The relevant text of the charge is as follows: “Here it is undisputed that the defendant had no actual knowledge of the presence of the plaintiff on his property on this particular date and at this particular time; therefore, you could not find that the defendant had actual notice of the plaintiffs presence at the time of the accident. So when you move to the question of whether or not he had constructive notice from other circumstances, other facts, is it reasonable to conclude that the defendant knew of the plaintiffs presence on the property at that time. You must inquire as to whether there were circumstances from which knowledge of the plaintiffs presence could be imputed to the defendant. In other words, you must determine whether or not, short of actual knowledge, whether the plaintiff has established that the defendant could reasonably have anticipated his presence at that time and place in question.
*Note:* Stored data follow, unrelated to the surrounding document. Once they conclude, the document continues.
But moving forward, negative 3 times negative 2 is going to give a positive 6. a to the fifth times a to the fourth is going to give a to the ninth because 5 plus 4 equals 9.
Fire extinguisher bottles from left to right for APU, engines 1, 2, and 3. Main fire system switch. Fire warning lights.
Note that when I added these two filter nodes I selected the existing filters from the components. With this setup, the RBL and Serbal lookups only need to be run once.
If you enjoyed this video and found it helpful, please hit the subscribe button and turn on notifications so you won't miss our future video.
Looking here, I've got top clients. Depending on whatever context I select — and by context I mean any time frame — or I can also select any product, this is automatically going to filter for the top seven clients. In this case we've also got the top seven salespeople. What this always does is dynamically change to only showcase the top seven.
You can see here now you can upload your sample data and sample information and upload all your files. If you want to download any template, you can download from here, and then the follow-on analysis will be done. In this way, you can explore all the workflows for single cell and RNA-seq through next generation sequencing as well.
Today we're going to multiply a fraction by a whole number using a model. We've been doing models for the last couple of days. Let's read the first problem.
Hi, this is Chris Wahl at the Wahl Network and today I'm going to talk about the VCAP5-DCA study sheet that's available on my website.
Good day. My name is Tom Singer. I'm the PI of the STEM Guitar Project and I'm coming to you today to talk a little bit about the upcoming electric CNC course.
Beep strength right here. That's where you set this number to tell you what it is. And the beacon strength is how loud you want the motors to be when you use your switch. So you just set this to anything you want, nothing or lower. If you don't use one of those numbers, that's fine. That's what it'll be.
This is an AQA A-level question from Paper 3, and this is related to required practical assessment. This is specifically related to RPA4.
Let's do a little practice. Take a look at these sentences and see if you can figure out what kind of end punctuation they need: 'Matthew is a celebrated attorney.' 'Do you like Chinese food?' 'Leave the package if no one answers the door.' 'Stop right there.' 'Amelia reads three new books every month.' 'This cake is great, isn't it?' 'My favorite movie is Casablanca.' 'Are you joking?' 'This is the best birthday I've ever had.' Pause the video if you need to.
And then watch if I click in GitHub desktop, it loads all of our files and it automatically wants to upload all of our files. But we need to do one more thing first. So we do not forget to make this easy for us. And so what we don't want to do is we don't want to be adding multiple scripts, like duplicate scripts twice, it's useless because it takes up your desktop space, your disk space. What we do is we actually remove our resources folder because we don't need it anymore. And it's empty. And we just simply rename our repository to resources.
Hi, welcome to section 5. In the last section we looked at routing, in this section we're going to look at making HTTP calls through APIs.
“The presence of a licensee might reasonably be anticipated if, for example, the licensee has previously used his license with reasonable regularity and has come upon the land about the same time of day, same time of day to the same location. For example, the mailman might do so, this coming upon the property becomes reasonably predictable. I think there has been some testimony here from the police sergeant that he had but heard of police officers responding to this property in the past for domestic disputes and, I think, vandalism. He may also have heard some testimony from Mr. Thibodeau about his conclusion that—I don’t know as he had any direct *121knowledge, but he observed that he thought that police had perhaps been to this property on occasions in the past at various parts of the property, but again, as I say, it is your recollection that controls on that point. And so that if the coming upon the property of these individuals becomes reasonably predictable, and where the presence of the licensee at the approximate time and place of injury reasonably could and should be anticipated by the licensor, this should be regarded as the equivalent of actual knowledge of his presence.”